- Task instructions: What is needed is a word-for-word copy of the lines below from the one with "Momo Professional S017" through the one with "Set Suture Stérile", both included, with every picture left out.

- Source records:
▶

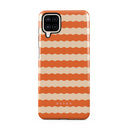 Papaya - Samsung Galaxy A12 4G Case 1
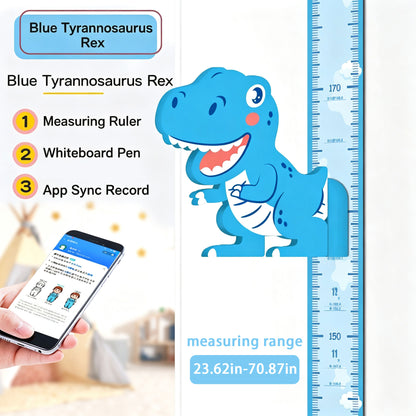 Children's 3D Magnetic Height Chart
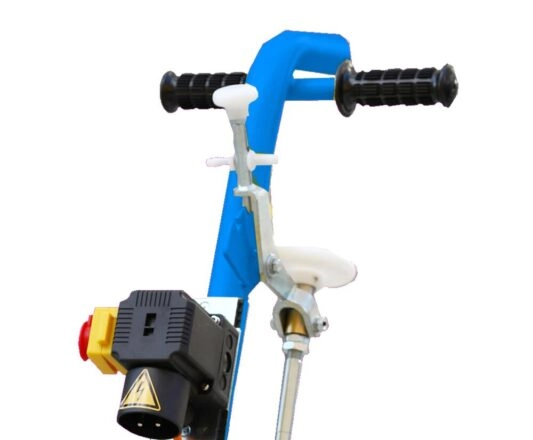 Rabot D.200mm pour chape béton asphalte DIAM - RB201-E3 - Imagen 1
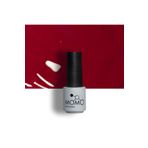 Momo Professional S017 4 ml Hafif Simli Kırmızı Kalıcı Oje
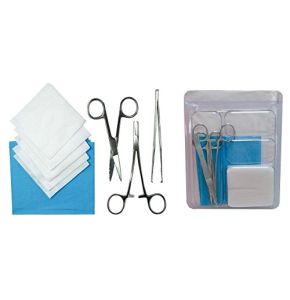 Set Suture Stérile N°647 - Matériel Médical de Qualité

◀
▶

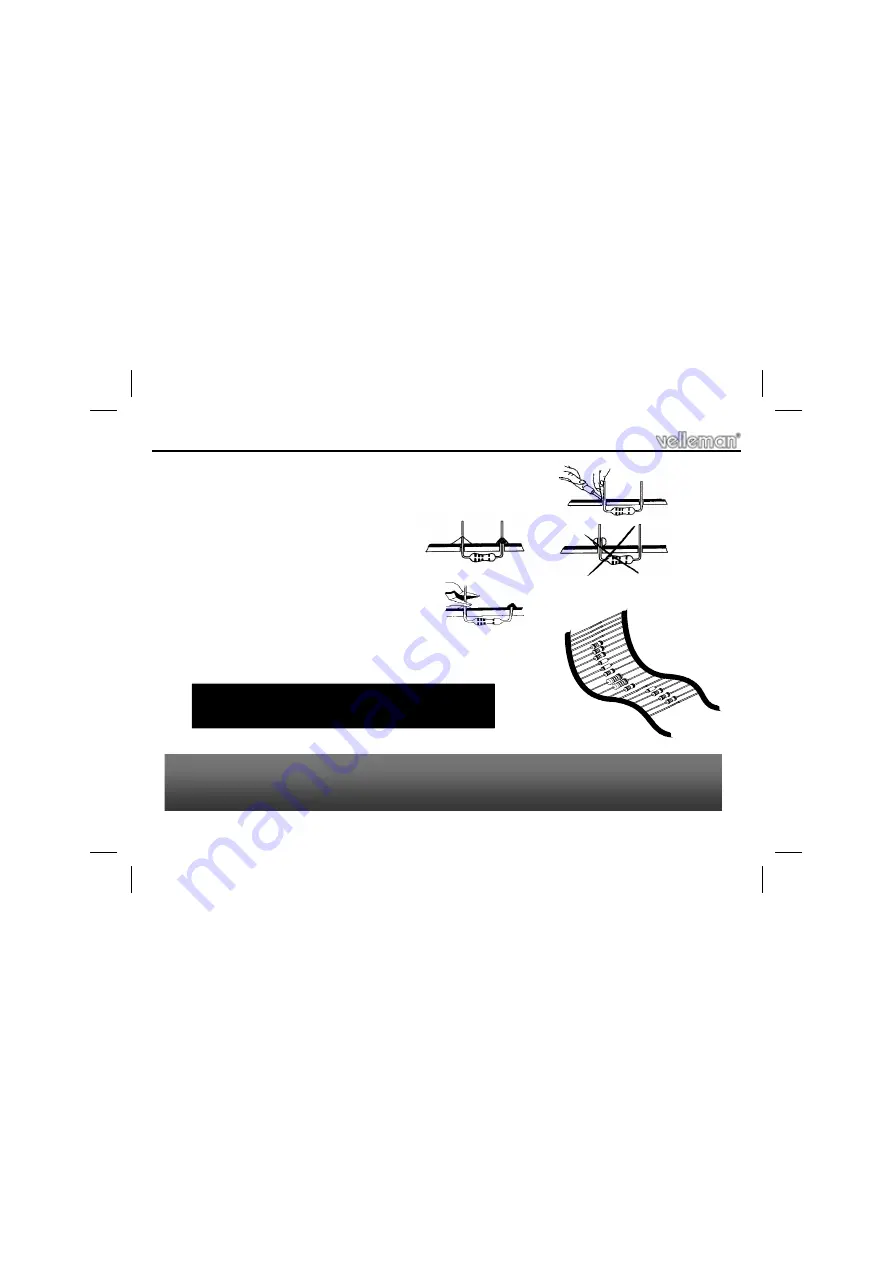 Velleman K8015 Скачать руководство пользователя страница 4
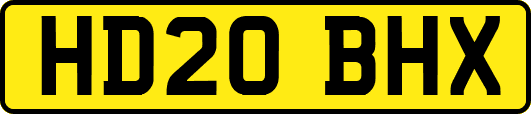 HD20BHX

◀

- Problem solution:
 Momo Professional S017 4 ml Hafif Simli Kırmızı Kalıcı Oje
 Set Suture Stérile N°647 - Matériel Médical de Qualité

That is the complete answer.